So I'm feeling a ton better. Tony and I are having a much better time in our relationship. It's so good. We've been talking more and just have better communication and just overall our relationship has been so much more enjoyable to have. I love it. And I just feel so much better. Its really amazing. I don't feel so crappy and lame all the time. It's great.
Right now I am at home hanging out with the family. Today my mom, Ryann, Pam and I all went to see the movie Julie and Julia. It was so cute and made me want to be a more successful blogger. Some day, some day I will be more committed to my blogging and some day I will be a better writer. But until that day comes, you will just have to edure my horrid skills in the world of blogging and probably my even worse english/spelling/grammer skills. I appologize.
Tomorrow I don't have any MAJOR plans, however I do plan on going to a Goodwill with my mom to see if I can find anything to decorate my apartment. I just feel like my apartment is really bland and boring. So I need to spice things up a bit, make it a place that I feel good to walk into. Not another apartment like last year when I dreaded going home because 1) my crazy roommate, and 2) because the place was constantly messy and just soooo boring looking. So that's my plan for tomorrow.
I suppose I am going to go hang out, watch TV, and do whatever else I feel like doing.
I miss Tony right now cause he's working, but I'm not feeling rejected or down or like he wants me out of his life. I just feel like o well, he's at work and he will be out of work soon.
I will write later.
-JRA
I need to stop over analyzing everything. So we fought, so he likes to do things besides spend every waking minute with me, so we have differences... its probably supposed to be like this. I've been much too clingy lately and I need to lay off. I'm sick of me always causing the fights we get in. In reality I'm sick of myself. The only person that can change me is me, so I'm done. Now I am doing things that make me happy and that doesn't HAVE to include doing things 24/7 and occupying myself. I used to be so much simpler, I used to find joy in just reading a book, or writing a short story. I need to do that again. Or I need to find something else that sparks my interest, like my research project. I really need to focus on that.

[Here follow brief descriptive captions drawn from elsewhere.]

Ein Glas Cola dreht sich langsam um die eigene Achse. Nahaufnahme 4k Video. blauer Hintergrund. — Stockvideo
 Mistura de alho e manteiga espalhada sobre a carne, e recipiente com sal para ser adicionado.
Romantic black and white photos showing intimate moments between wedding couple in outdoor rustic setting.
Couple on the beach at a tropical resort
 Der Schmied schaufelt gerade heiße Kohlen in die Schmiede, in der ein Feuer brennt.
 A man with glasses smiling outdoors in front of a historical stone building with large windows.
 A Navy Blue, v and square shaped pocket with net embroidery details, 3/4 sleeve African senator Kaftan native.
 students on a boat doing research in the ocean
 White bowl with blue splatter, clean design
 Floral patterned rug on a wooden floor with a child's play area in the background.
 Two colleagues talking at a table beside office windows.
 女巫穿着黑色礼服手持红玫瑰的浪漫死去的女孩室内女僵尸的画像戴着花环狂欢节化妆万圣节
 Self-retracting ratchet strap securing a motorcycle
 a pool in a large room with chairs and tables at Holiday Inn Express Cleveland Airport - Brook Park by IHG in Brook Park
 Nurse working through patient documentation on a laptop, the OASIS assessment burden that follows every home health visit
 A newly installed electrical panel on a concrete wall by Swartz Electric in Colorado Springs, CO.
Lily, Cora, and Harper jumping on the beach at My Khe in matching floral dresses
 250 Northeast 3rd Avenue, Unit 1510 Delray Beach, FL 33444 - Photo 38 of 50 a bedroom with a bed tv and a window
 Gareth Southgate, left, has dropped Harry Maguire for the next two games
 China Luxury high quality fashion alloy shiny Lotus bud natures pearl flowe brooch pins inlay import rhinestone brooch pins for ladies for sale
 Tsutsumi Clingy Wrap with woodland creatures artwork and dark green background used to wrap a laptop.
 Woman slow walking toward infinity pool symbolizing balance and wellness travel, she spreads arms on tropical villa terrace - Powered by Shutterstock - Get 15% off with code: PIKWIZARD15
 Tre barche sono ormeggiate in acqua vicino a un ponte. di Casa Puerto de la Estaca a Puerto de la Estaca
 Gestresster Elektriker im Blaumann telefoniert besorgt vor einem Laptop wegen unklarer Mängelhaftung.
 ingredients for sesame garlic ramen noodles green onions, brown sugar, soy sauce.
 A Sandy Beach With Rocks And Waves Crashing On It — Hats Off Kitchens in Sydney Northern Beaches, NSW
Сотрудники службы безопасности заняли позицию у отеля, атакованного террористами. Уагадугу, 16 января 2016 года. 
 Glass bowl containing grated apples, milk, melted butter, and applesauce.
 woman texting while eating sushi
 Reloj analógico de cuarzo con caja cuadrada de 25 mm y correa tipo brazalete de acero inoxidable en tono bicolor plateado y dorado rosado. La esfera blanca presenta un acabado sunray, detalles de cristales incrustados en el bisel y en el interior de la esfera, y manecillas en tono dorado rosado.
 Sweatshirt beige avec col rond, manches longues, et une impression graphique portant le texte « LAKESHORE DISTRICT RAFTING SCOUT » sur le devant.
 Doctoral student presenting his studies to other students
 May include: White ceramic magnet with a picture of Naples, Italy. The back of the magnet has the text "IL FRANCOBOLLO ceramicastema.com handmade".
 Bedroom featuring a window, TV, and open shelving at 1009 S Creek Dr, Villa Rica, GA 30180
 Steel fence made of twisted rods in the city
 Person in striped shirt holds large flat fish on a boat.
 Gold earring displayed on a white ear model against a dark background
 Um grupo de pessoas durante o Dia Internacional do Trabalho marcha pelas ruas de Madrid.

We talked, we were scared. With this 4th and final year of college coming up we have started to really hone in on OUR future and how we fight into that together. It is a very scary topic. I don't know what's going to happen with my job placement or where I'm gonna be come this time next year, but I DO know that my relationship with Tony is important and in most cases more important than some stupid job. I mean I really don't have any idea what i want to do, so whatever job i can get will most likely be something that I will enjoy, plus its just a job. So whatever I need to do to keep the love of my life with me, I will do. So I'm currently praying for a job here in Michigan. I know I've said that 'we' want to move to California, but really I don't think either of us really wanted to, we just said that because we thought the other wanted to. Our communication link was not really a link these past few months. So we are reopening that road! :)
That makes me feel better
Thanks
-JRA
Its getting worse. Honestly worse. He's taking MORE shifts this weekend. I know exactly why he's doing this too. Partly because he doesn't want to come down to Ann Arbor to see me, but MOSTLY because he wants to buy a fucking 1000$ handgun for his birthday. He lies too. He always says that he's working extra hours for "us", but I can see right through his fucking lies. He's just working extra so that he can buy himself some stupid gun that I doubt that he'll ever use. He'll buy it just have like all of his other useless guns. He's so childish. I'm so am done being engaged with a child. Its ridiculous. I need someone that can actually "provide" for me. That actually CARES about furthering our relationship.
Sometimes I don't even understand why Tony asked me to marry him, because most of the time I don't even feel like he WANTS to marry me. He would rather work his life away and buy useless things to some how fill some void in his life. Maybe he's gay and all of this is a cover up. I don't even understand. It hurts me more than anything in the world. I want to be with "him" so bad. I want to marry the Tony that was in love with me. The Tony that would honestly do anything for us, and not compromise our relationship for his benefit. I'm SOOO sick of this. I feel like I'm crying over our relationship more than I'm happy about it. Its not supposed to be like this.
I don't want to lose him though. He's my best friend, he's really like my everything. I wouldn't even know how to live my life with out him there. And that's the reason that I ENJOY spending time with him, but I guess I have come to realize that he doesn't really love spending time with me. It hurts so bad.
I don't know what's going to happy with my life.